CMA has published its annual report on compliance with the SME banking behavioural undertakings 2002, covering the period from 1 July 2021 to 30 June 2022. The report analyses how well 8 UK banks have complied with obligations restricting their ability to bundle certain products offered to SMEs.
One bank reported that 6 customers who had requested a fee-free Loan Servicing Account were given a BCA, which charges SMEs, instead. Refunds were provided to each customer, and due to the scale of the breach and this remedial action, CMA did not take public enforcement action.
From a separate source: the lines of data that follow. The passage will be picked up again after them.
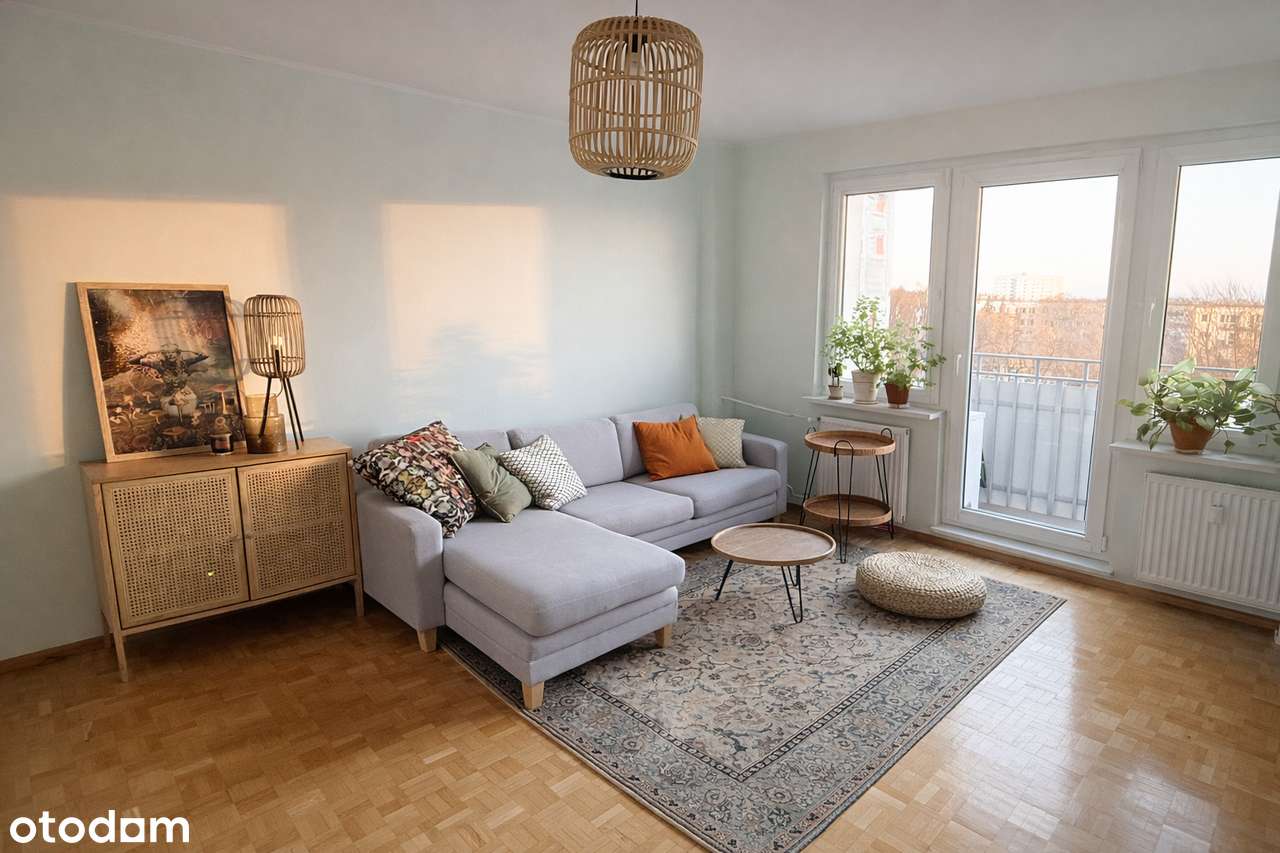 2-pokojowe mieszkanie po gruntownym remoncie na Wichrowym Wzgórzu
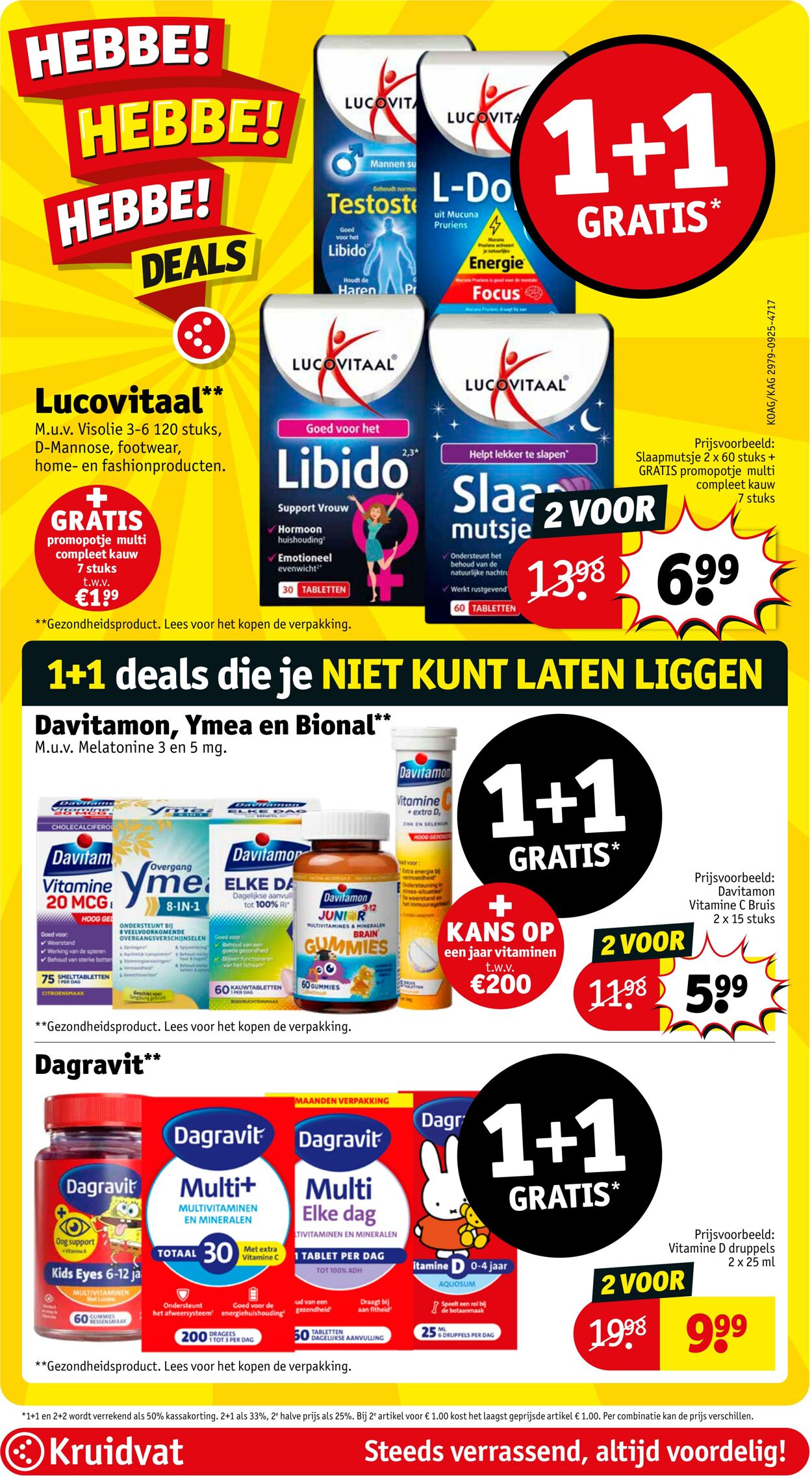 Folder Kruidvat 13.10.2025 - 19.10.2025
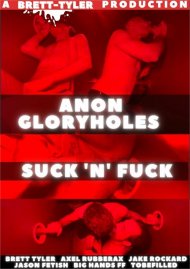 Anon Gloryholes Suck 'N' Fuck Boxcover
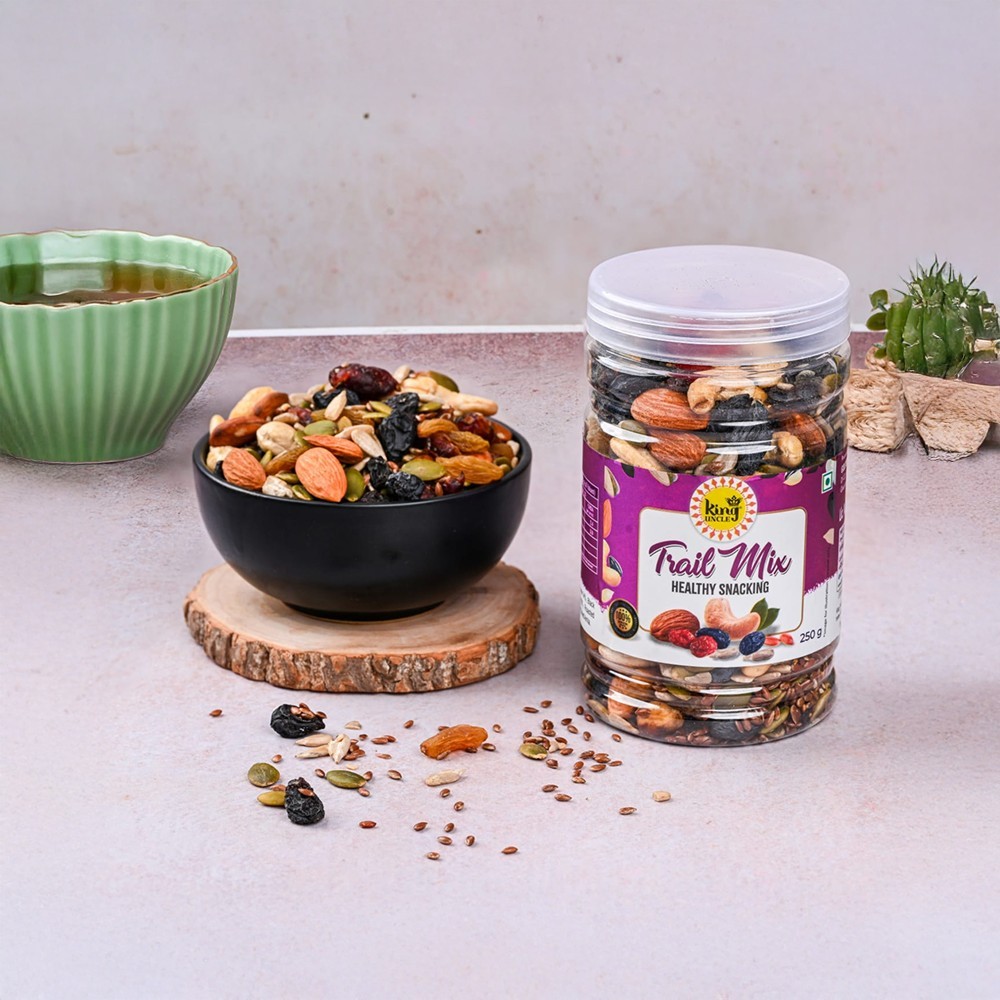 King Uncle Trail Mix Smart Snacking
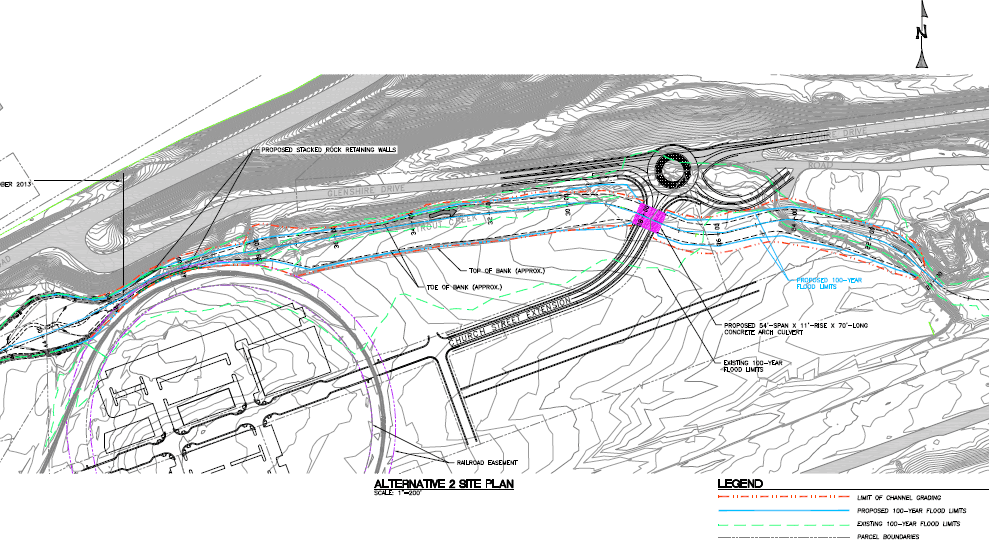 Church Street Extension & Trout Creek Restoration Reach 4 And 5 Project, C1804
The report also set out best practices in ensuring compliance with the undertakings where banks have fallen short. In particular, it concluded that banks should:
- Have in place policies, practices and procedures to:
- Monitor compliance with the undertakings; and
- Ensure internal communications support compliance with the undertakings, and that staff are informed of their responsibilities;
- Provide training to staff on how to comply with the undertakings and assess their understanding. CMA considers that all staff should be trained on their legal obligations, even if SMEs are not their main customers or they are new to the role;
- Review their lending appeals processes to check if potential customers have been refused loans or savings accounts because they were not offered a BCA;
- Review their own internal complaints; and
- Have an individual complaint code for the bundling of products.
CMA drew particular attention to the enhanced measures adopted by Clydesdale, which carries out training twice yearly.